Neurosymbolic, by construction.
Pure-LLM gameplay is expensive, slow, and goes off the rails after a few minutes. Tokens spent narrating, world state and conversation drifting apart, the bill rising, the experience disintegrating. Story Garden takes the other path.
A small symbolic engine carries every entity's moment-to-moment behavior, cheap and deterministic, free of LLM cost. An LLM authors into that engine at runtime, where its imagination is the point. They meet in MiniScript, the engine's own scripting language. What the model writes runs.
An entity's behavior is a set of actions, each paired with an expression over named considerations, combined with fuzzy and, or, not, nested arbitrarily deep.
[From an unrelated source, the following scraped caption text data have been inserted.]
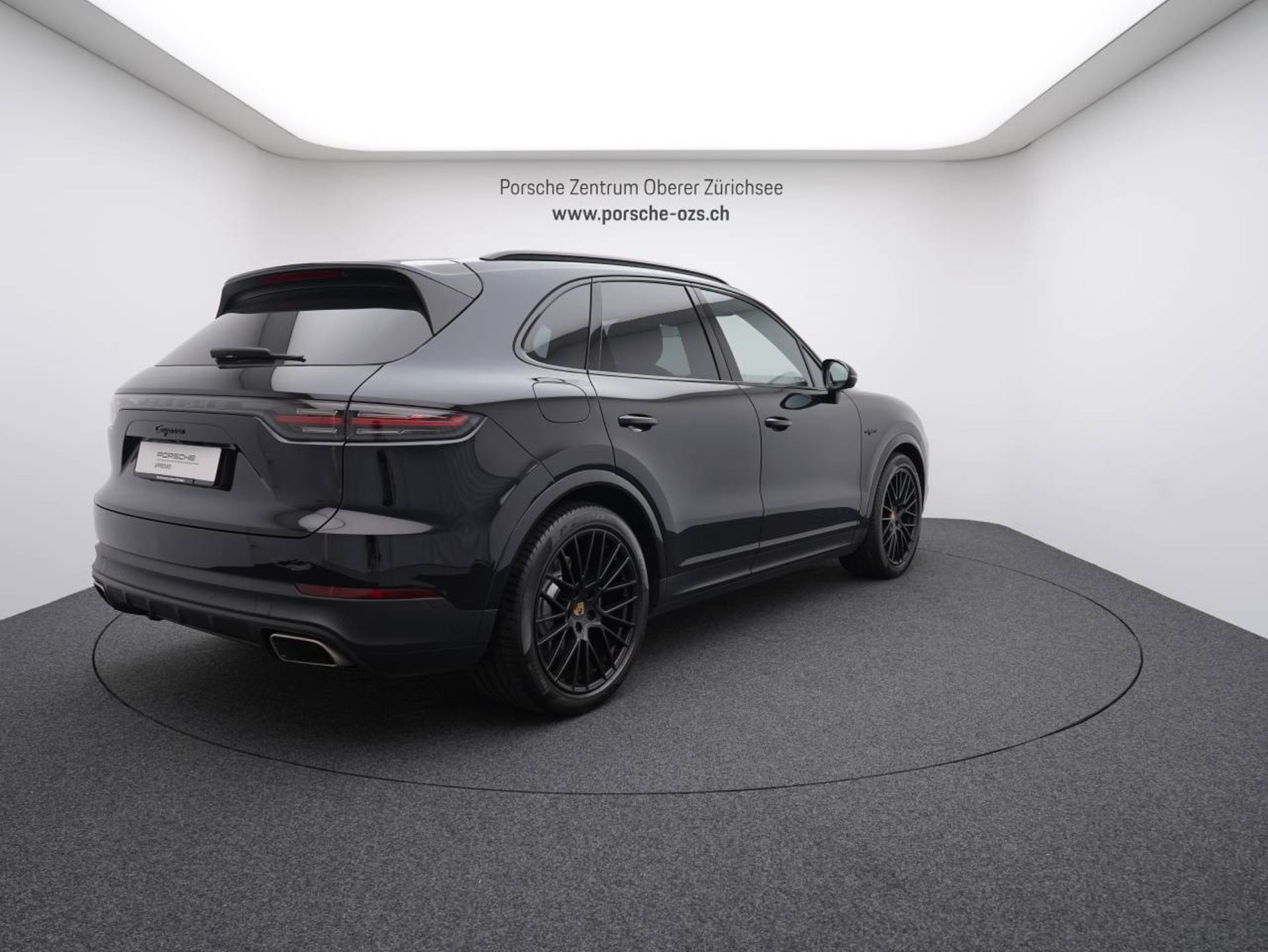 PORSCHE Cayenne E-Hybrid-image-6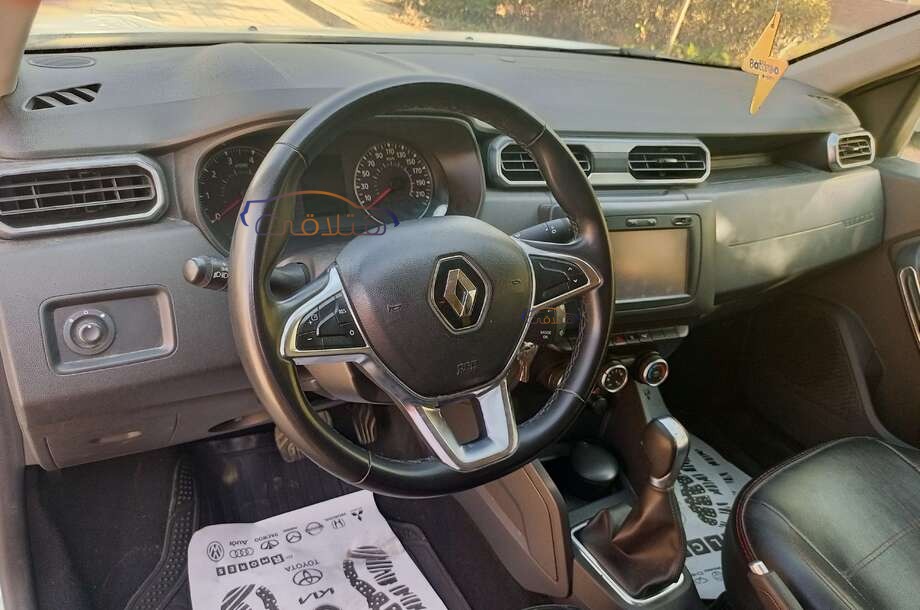 Duster Renault White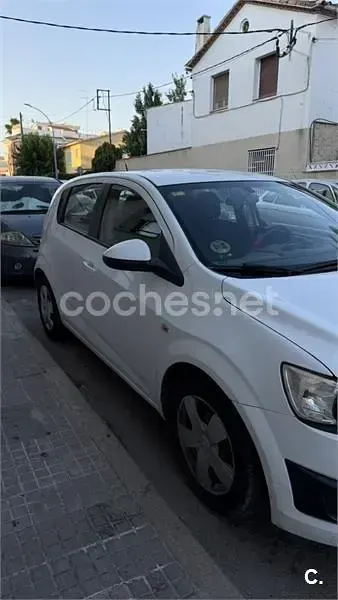 Usado Chevrolet Aveo LT 95 CV (69 kW) 2013 Blanco Berlina
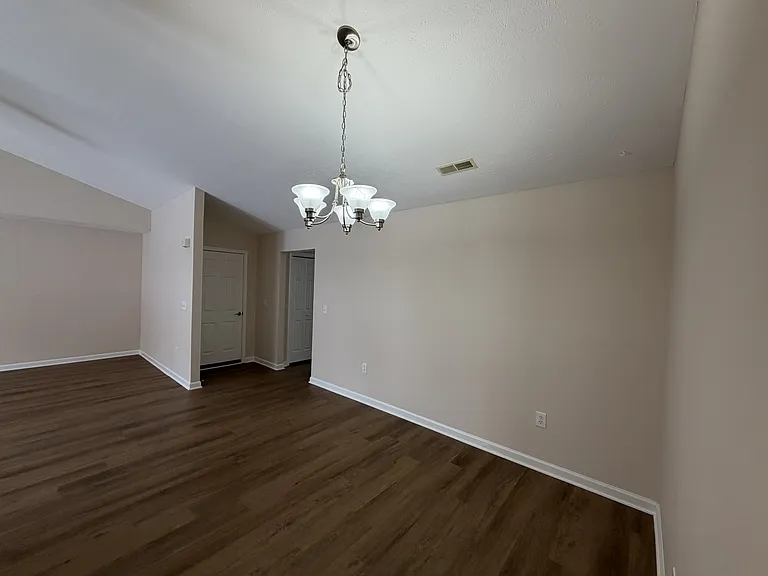 Commonwealth Senior Living at Christiansburg — Photo 43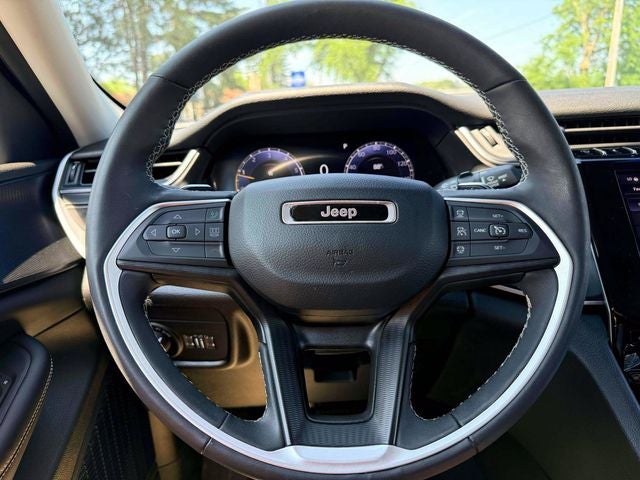 2023 Jeep Grand Cherokee Laredo 4x4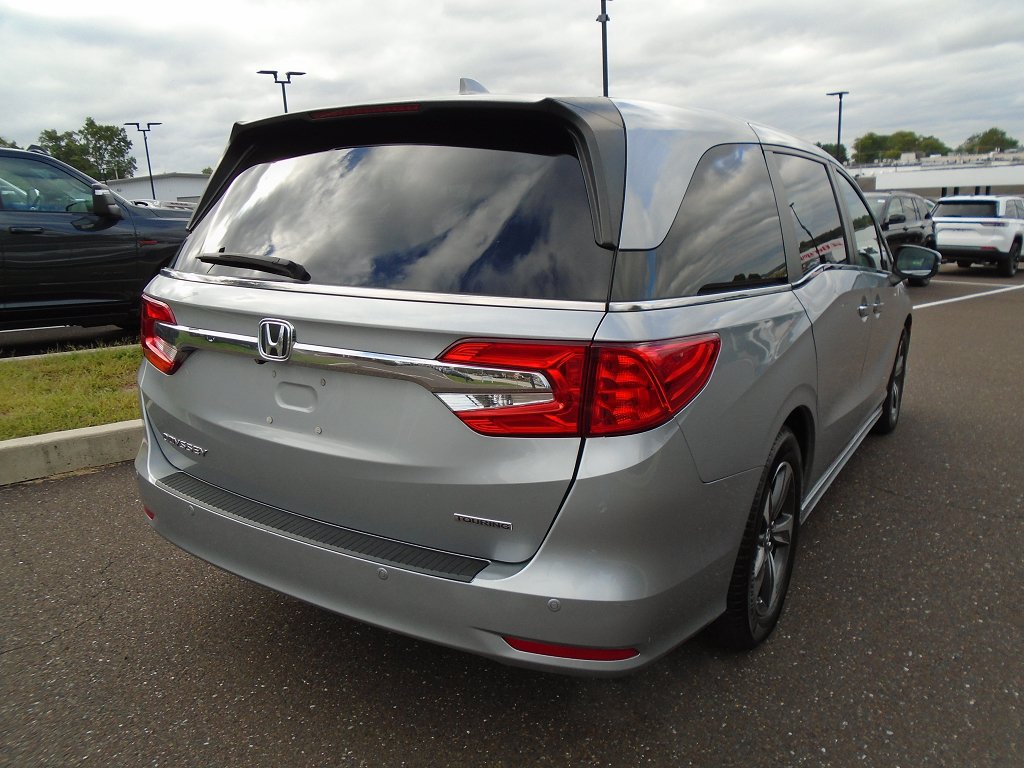 Used 2019 Honda Odyssey Touring image 3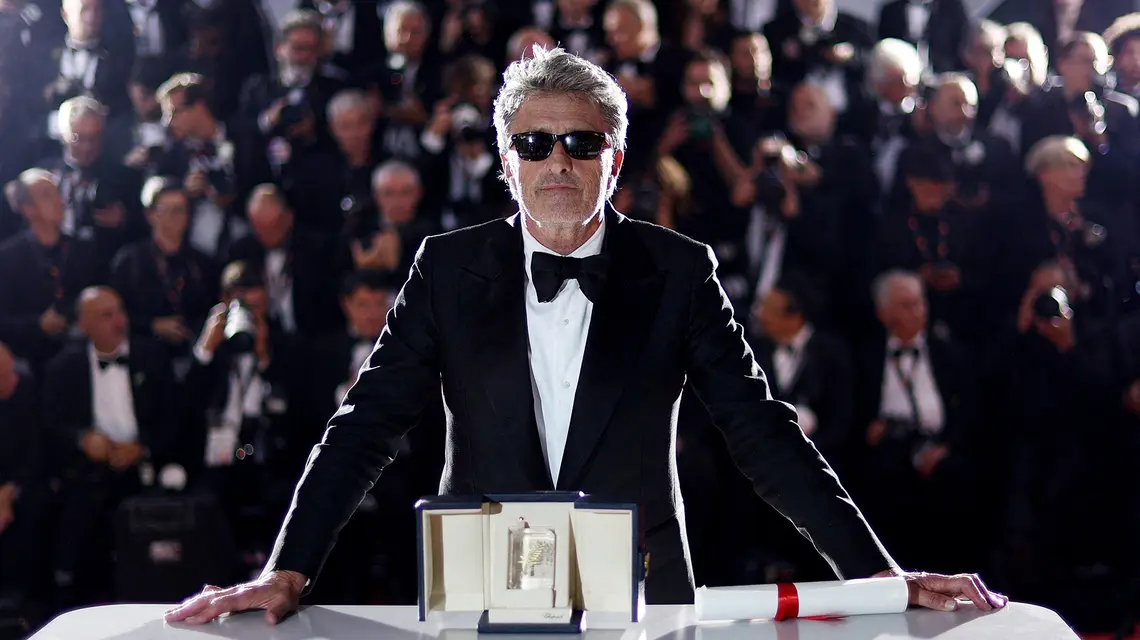 Paweł Pawlikowski z nagrodą za reżyserię filmu „Ojczyzna” na festiwalu filmowym w Cannes, 23 maja 2026 r. // Fot. Gonzalo Fuentes / Reuters / Forum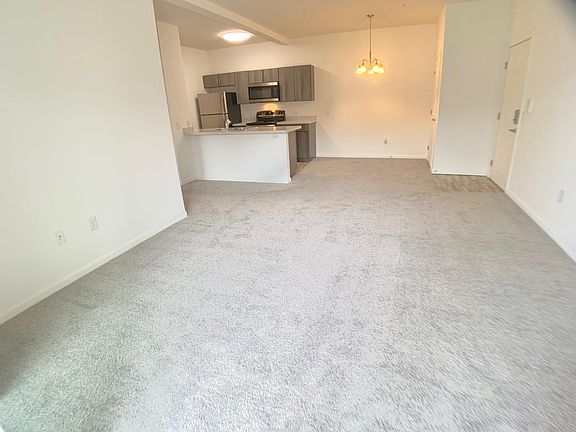 3rd image of 601 Gethings Cir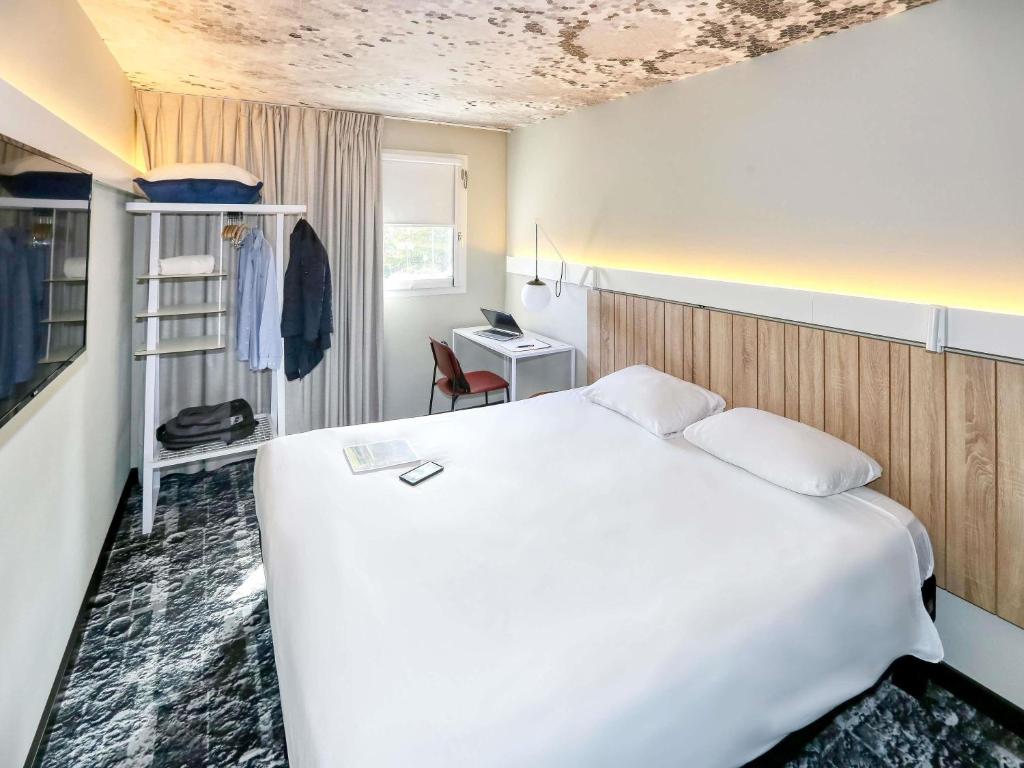 Ένα ή περισσότερα κρεβάτια σε δωμάτιο στο ibis Biarritz Anglet Aéroport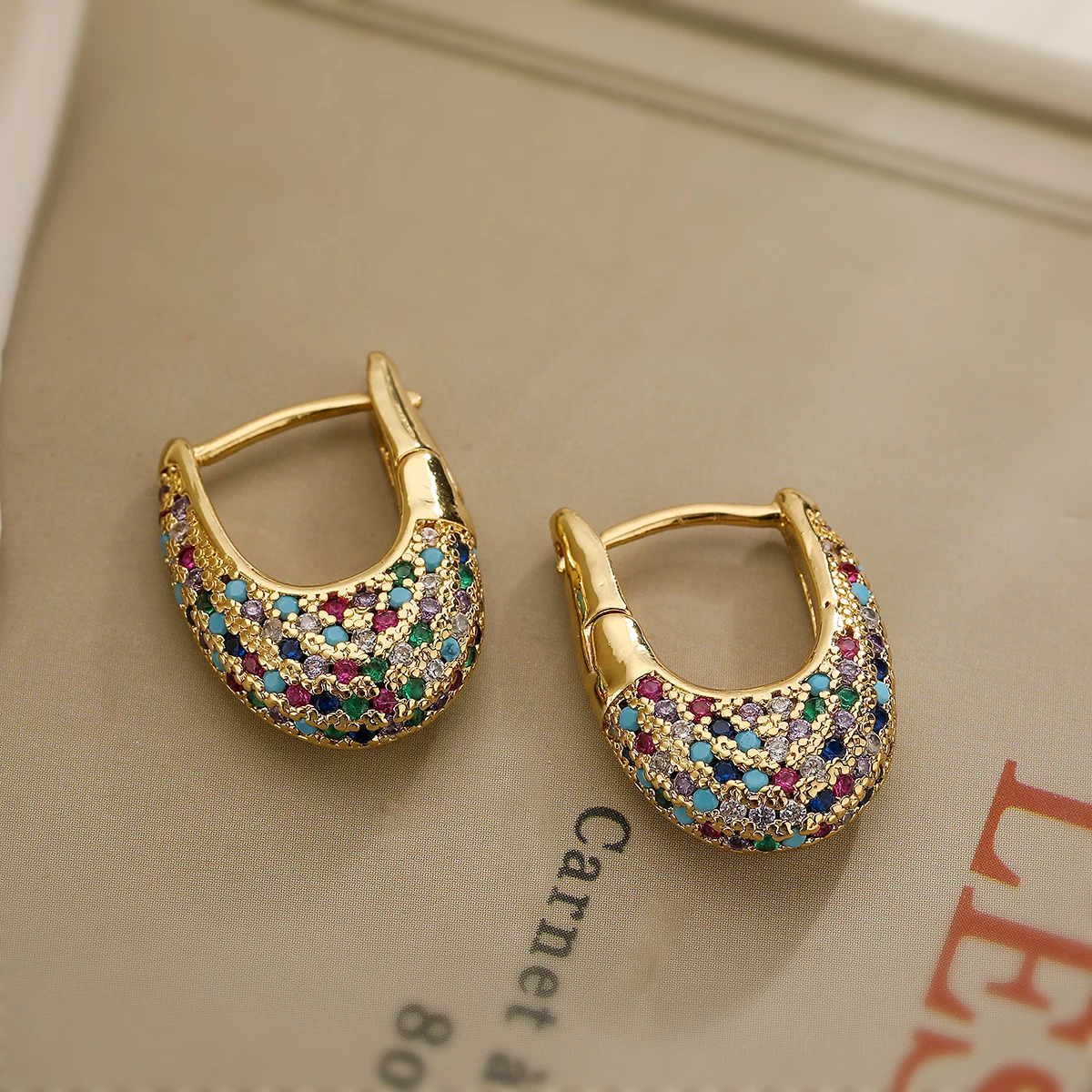 DELACROIX | BOUCLES D’OREILLES ÉLÉGANTES AVEC CRISTAUX COLORÉS
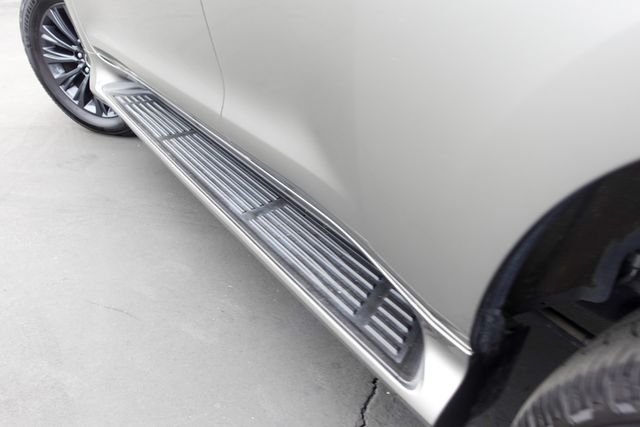Used 2023 Silver Lexus 460 image 11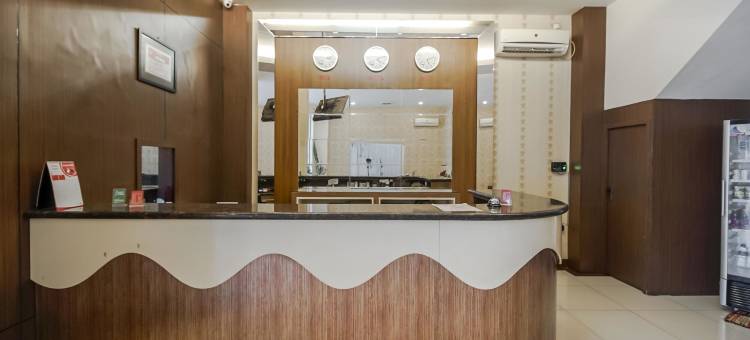 RedDoorz Plus @ Karebosi Area 2 Makassar图片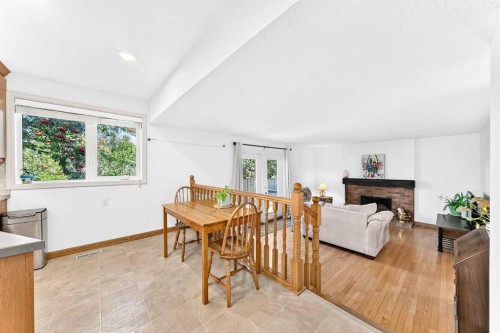 12 Cantrell Bay Sw, Calgary, AB 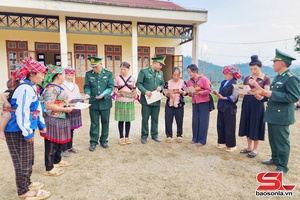 'Giữ vững thế trận lòng dân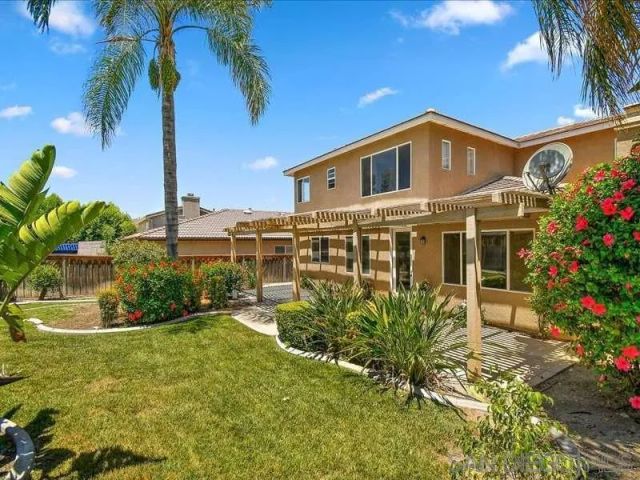 1586 Silver Cup CT, Redlands, CA 92374
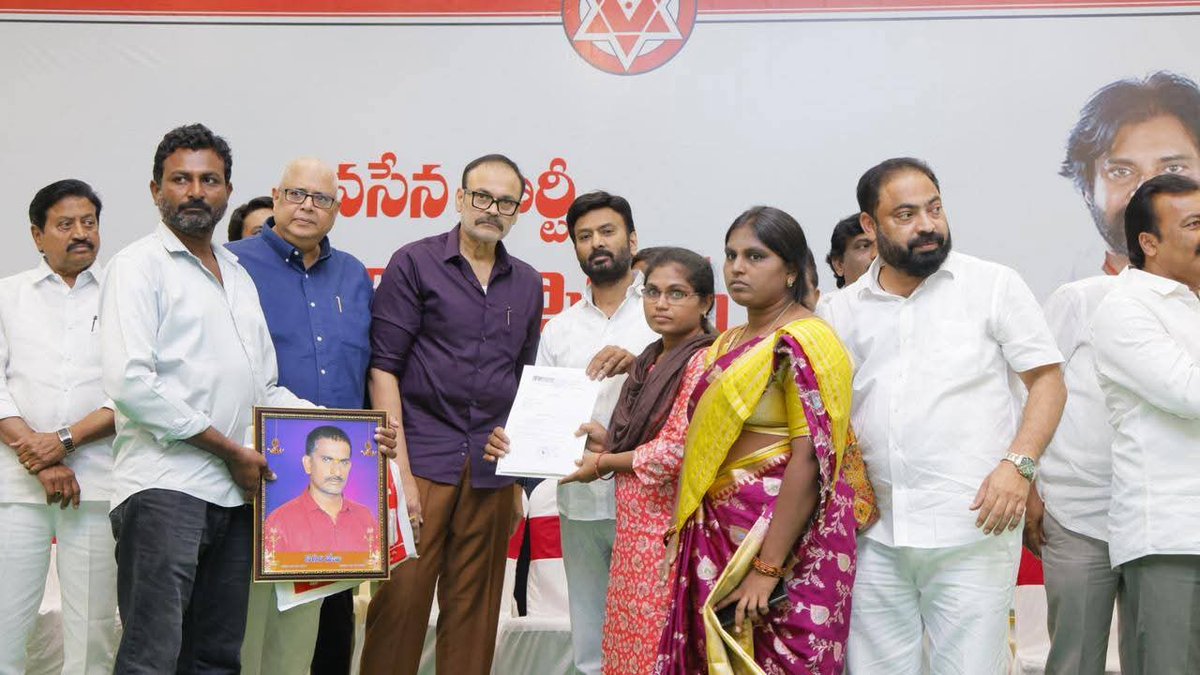 AjayaKumarJSP's tweet image. వేర్వేరు ప్రమాదాల్లో మృతి చెందిన జనసేన క్రియాశీలక సభ్యులకు సంబంధించి రూ.5 లక్షల ప్రమాద బీమా చెక్కులను సంబంధిత కుటుంబాలకు తాడేపల్లి అన్నపూర్ణ కన్వెన్షన్ హాల్లో  ఆదివారం సాయంత్రం అందజేసిన జనసేన పార్టీ రాష్ట్ర ప్రధాన కార్యదర్శి, ఎమ్మెల్సీ శ్రీ Naga Babu l గారు. ఈ కార్యక్రమంలో ఏపీ…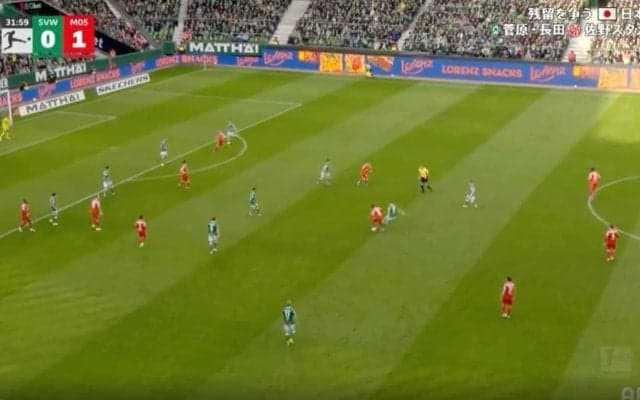 なんだこれは…？ 佐野海舟、思わず二度見する“連続技”「上手すぎやろ」完璧トラップ&ルーレット→プレスを無効化「余裕やん」「レベル違うな」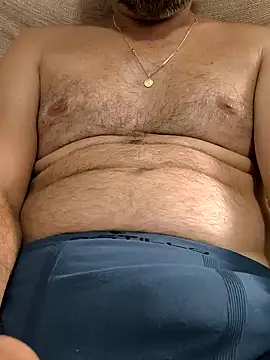 Leo Big online show from January 2025 07:35:02 PM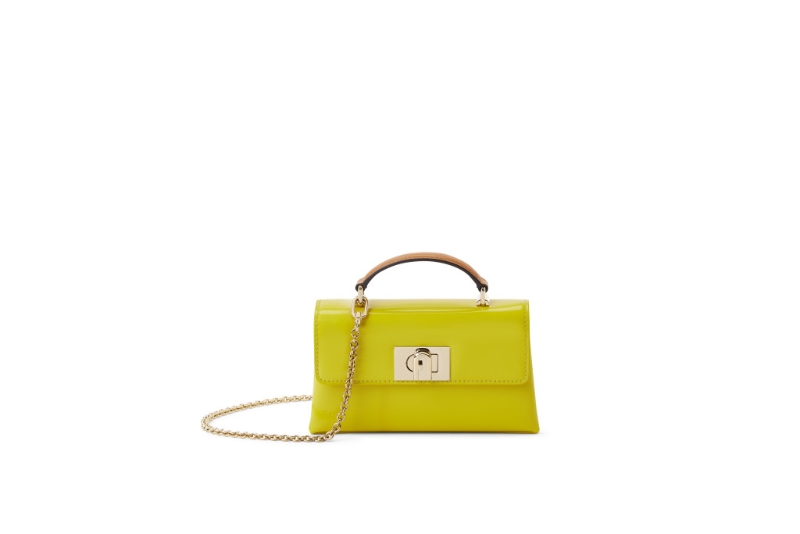 Furla 1927迷你Vacchetta皮革斜揹袋/$2，860/Furla。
A consideration is anything that returns a fuzzy number between 0 and 1. Every tick, every entity scores its tree, and the highest branch runs.
A village NPC's whole mind:
{
"INITIATE_DIALOGUE": "(player_in_interaction_range)",
"SHARE_MEMORY": "(player_distance_close
and (memory_sharing_opportunity or knows_song_fragment)
and not already_shared_with_player)",
"RECONSTRUCT_STORY": "(player_distance_close
and all_fragments_shared
and not story_already_reconstructed)",
"OFFER_COMFORT": "(player_distance_close
and player_seems_disheartened
and not recently_consoled)",
"WANDER_LOCAL": "(point_1)"
}
Some considerations are MiniScript functions, computing on position, memory, time, what's in someone's hand. memory_sharing_opportunity is one of them:
// memory_sharing_opportunity, fuzzy predicate, returns 0..1
memory_sharing_opportunity = function(args)
selfPos = args["entity"]["pos"]
targetPos = args["target"]["pos"]
dx = selfPos.x - targetPos.x
dy = selfPos.y - targetPos.y
dz = selfPos.z - targetPos.z
if sqrt(dx*dx + dy*dy + dz*dz) > 10 then return 0
social = args["entityData"]["social_memory"]
last = social["last_interaction_with"][args["target"]["uid"]]
if WorldTime() - last < 30 then return 0
return 1
end function
Other considerations are concepts the LLM is asked to score directly: "does this player seem disheartened?", "is this build inspired enough to react to?", "is this offering meaningful for the ritual?". Anything the model can assess and return as a number. No MiniScript at the leaf, just a value between 0 and 1, dropped back in for the next tick. player_seems_disheartened, in the dict above, is one of these. The neurosymbolic seam doesn't run at one boundary; it runs through every leaf.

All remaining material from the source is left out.